§ Requirement
Find the line containing "Agroturismo Casa Do Ourico" in the entries; transcribe it and all remaining lines through the end, exactly as they appear, but not the pictures.

§ Records to use
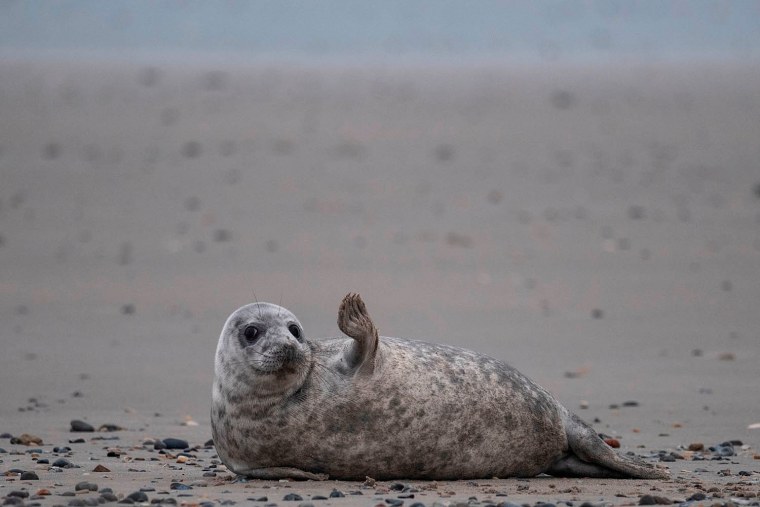 Тюлень машет ластой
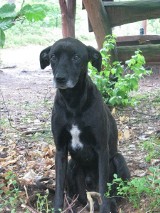 Apel Reksa: Potrzebny dom dla psa porzuconego w lesie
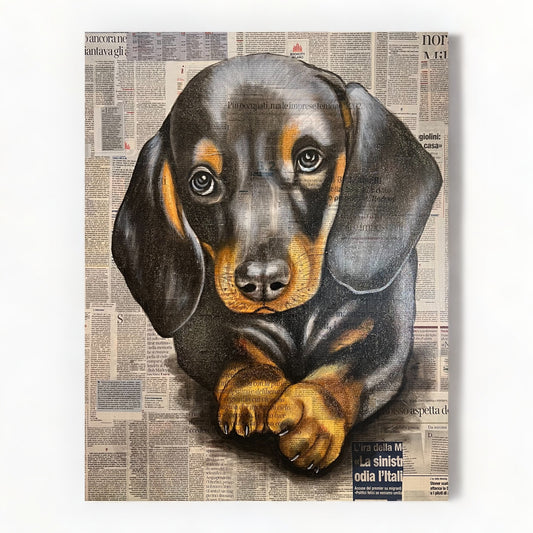 Basset puppy on canvas - Idee D'Arte Positano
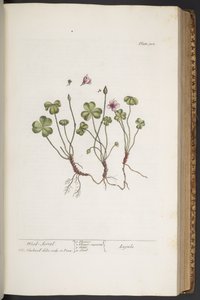 Tallerken 308, fra 'A Curious Herbal' av Elizabeth Blackwell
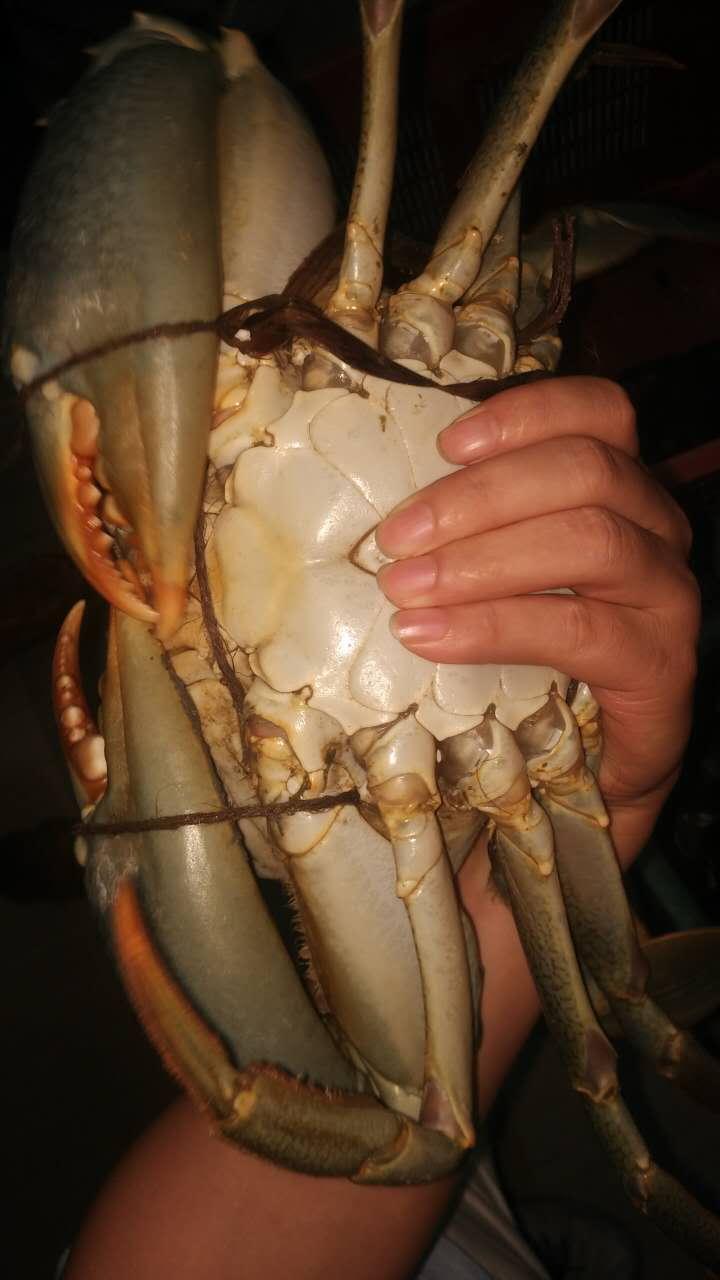 来自斯里兰卡蟹,见过比你头还大的青蟹吗?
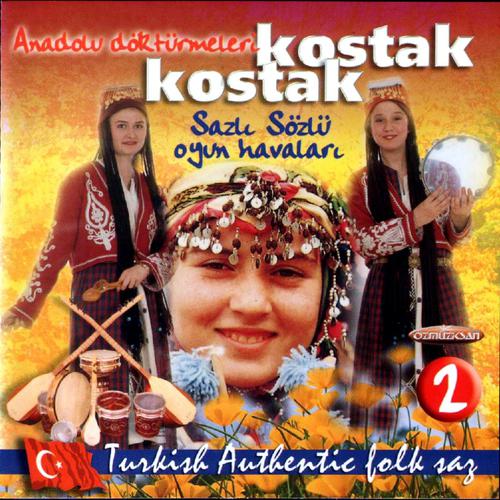 Постер альбома Sazlı Sözlü Oyun Havaları, Vol. 2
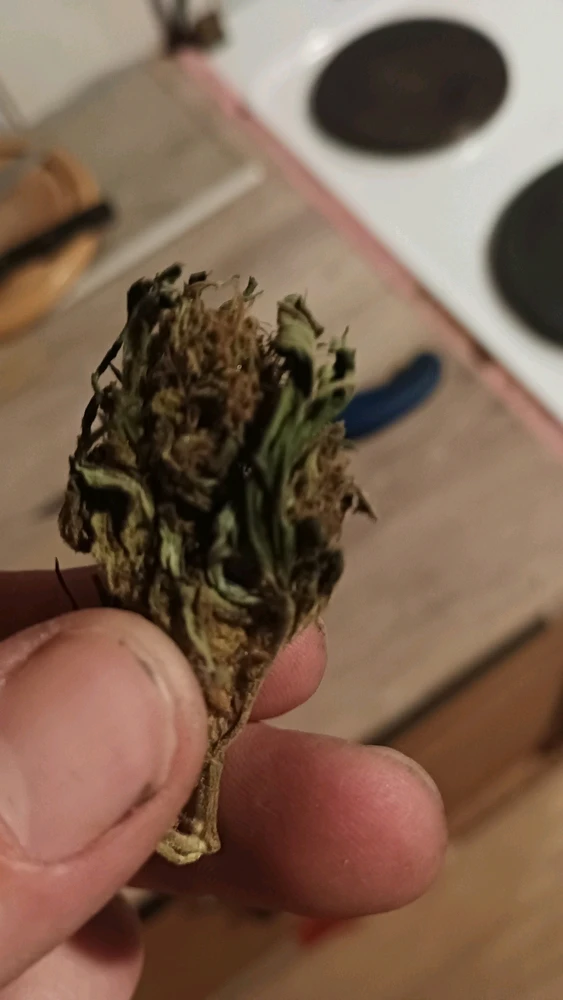 Obrázek nahrál Vojtěch Štika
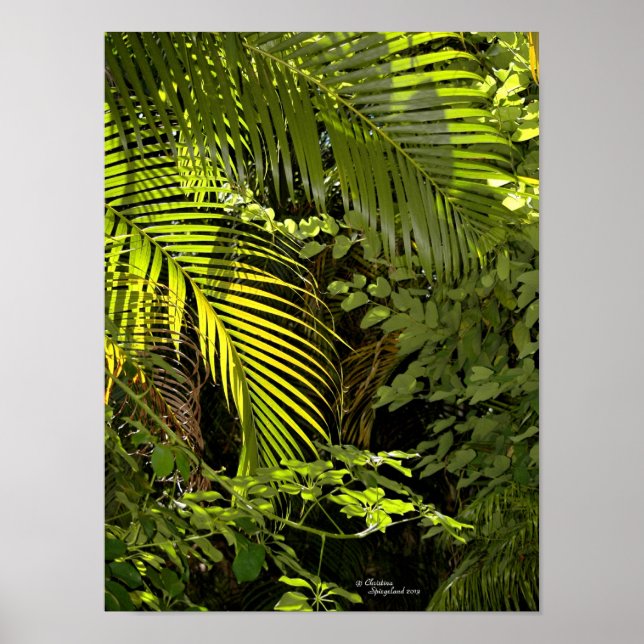 Póster Hojas tropicales de palma y Poster forestal de pla (Frente)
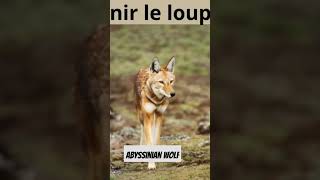 Rencontrez le loup éthiopien une merveille rare de la nature 🏞️🔍 LoupRare ExplorationAnimalequot [upl. by Fons]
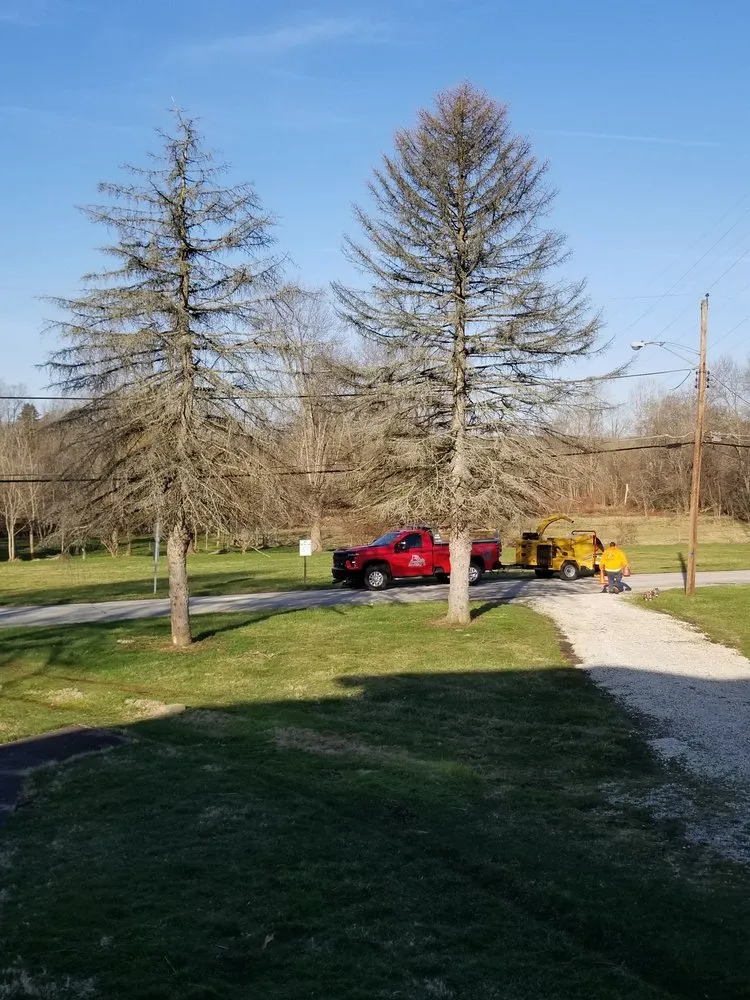 Reliable yard cleanup service in Massillon, OH - Jimbo's Landscaping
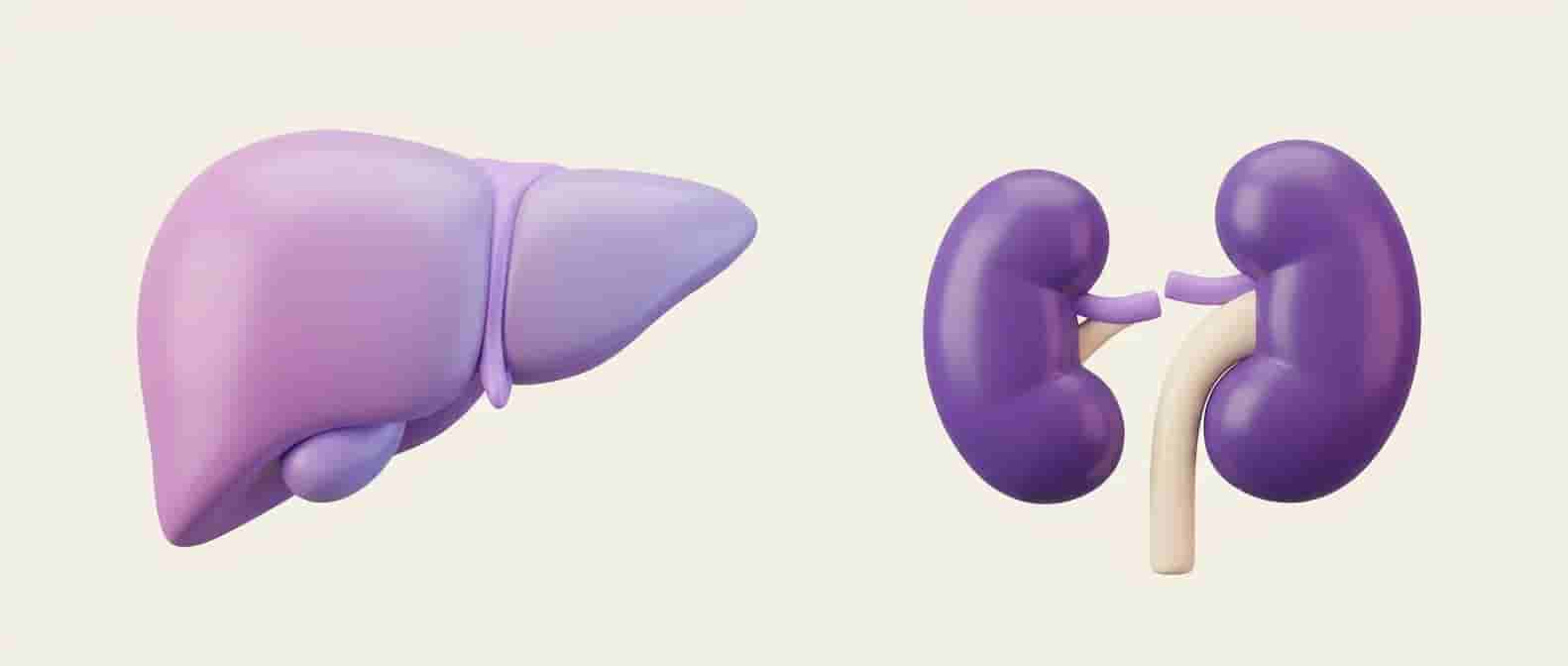 Depuración Renal y Hepática NutriSer Plus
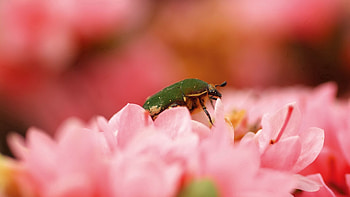 Flower, Macro, Petals, Bug, Beetle HD wallpaper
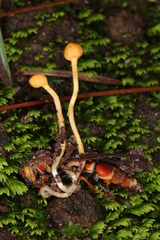 Ophiocordyceps sphecocephala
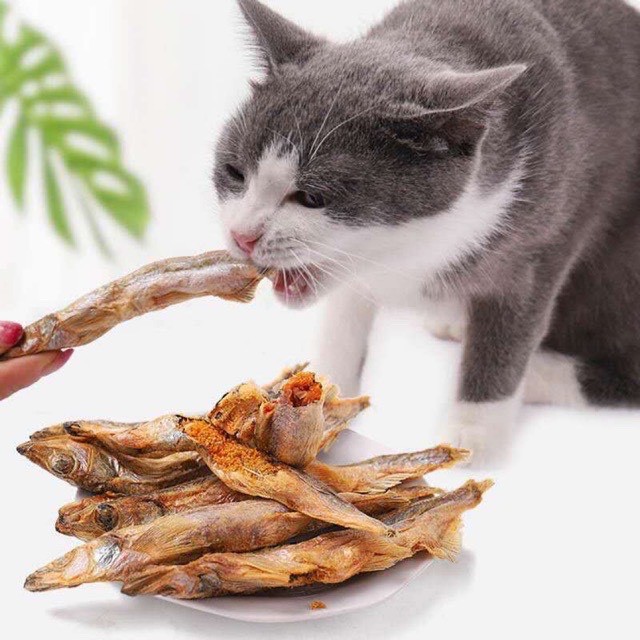 Thịt sấy khô, Topping Tổng Hợp cho chó mèo , Hỗ trợ chế độ ăn uống tăng cân cho boss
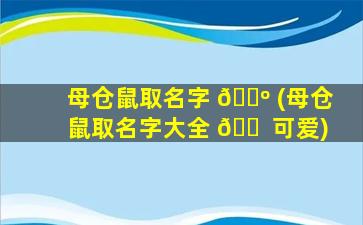 母仓鼠取名字 🐺 (母仓鼠取名字大全 🐠 可爱)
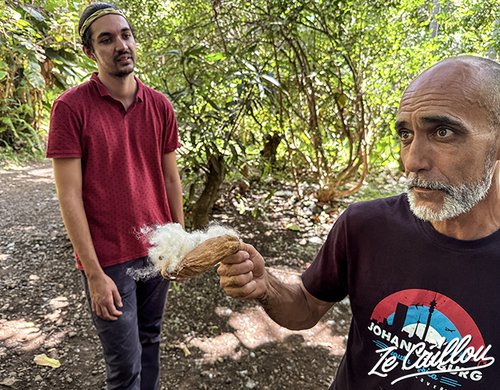 7-visite-vieux-domaine-plante-endemique-sud-reunion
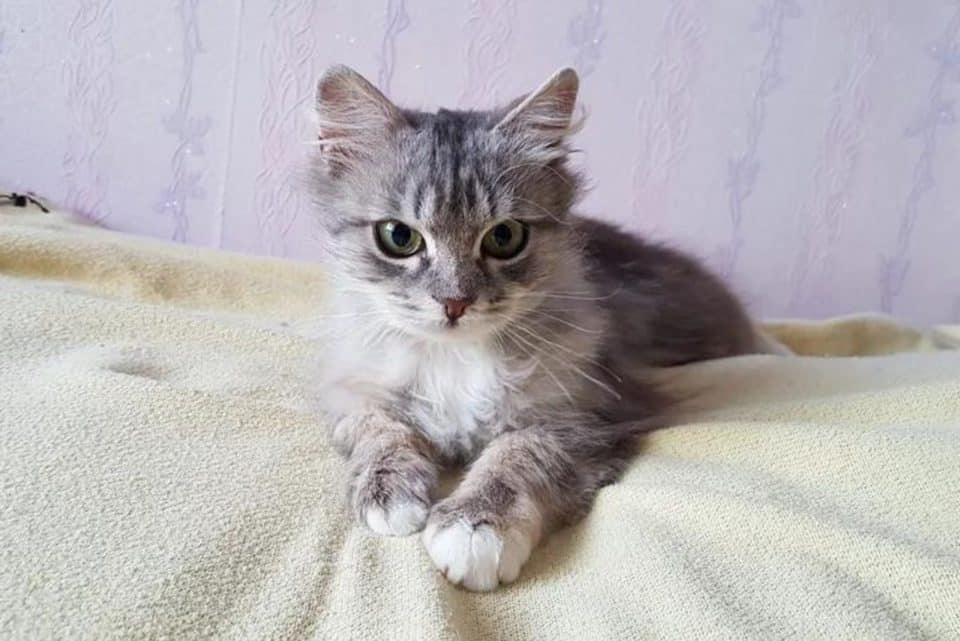 photo of kitten lying 960x641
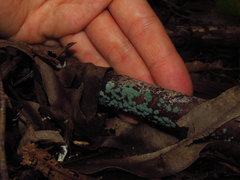 Mycetozoa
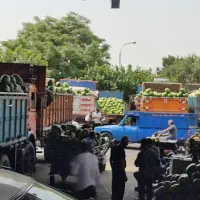 اجاره حجره تره بار مرکزی تهران  فاز 2سالن 10 پ 27|اجارهٔ مغازه و غرفه|تهران, میدان میوه و تره‌بار مرکزی|دیوار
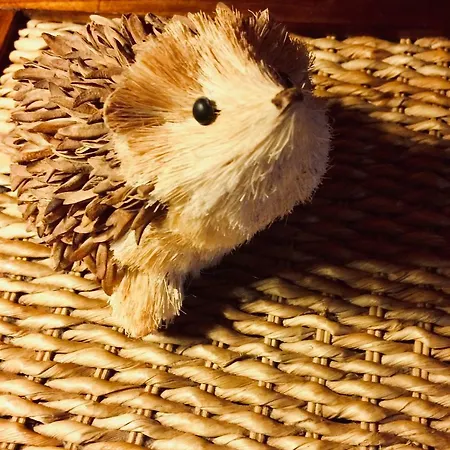 Agroturismo Casa Do Ourico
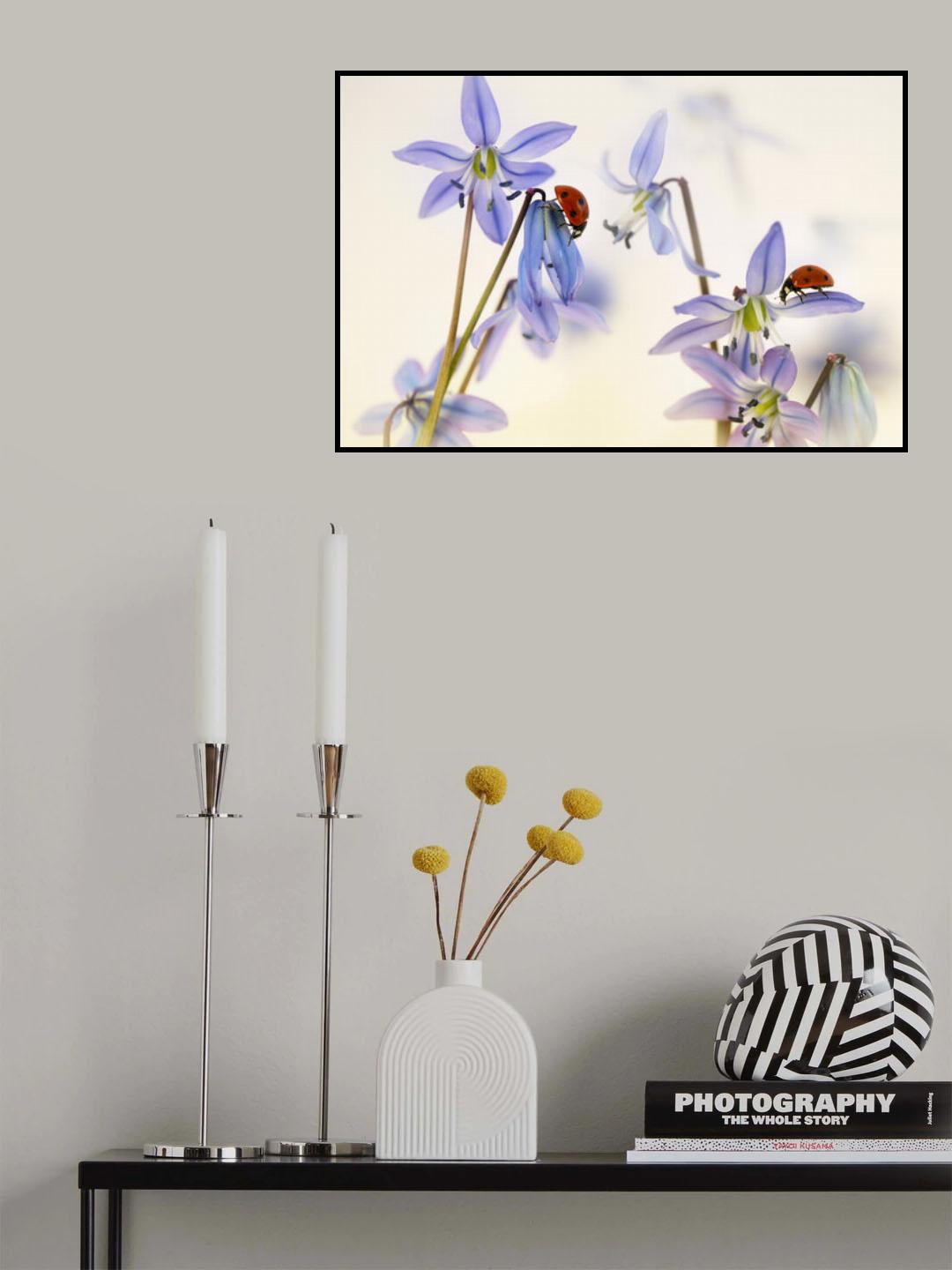 Springtime (Ladybirds with Scilla Siberica) Poster och Canvastavla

§ Exercise solution
 Agroturismo Casa Do Ourico
 Springtime (Ladybirds with Scilla Siberica) Poster och Canvastavla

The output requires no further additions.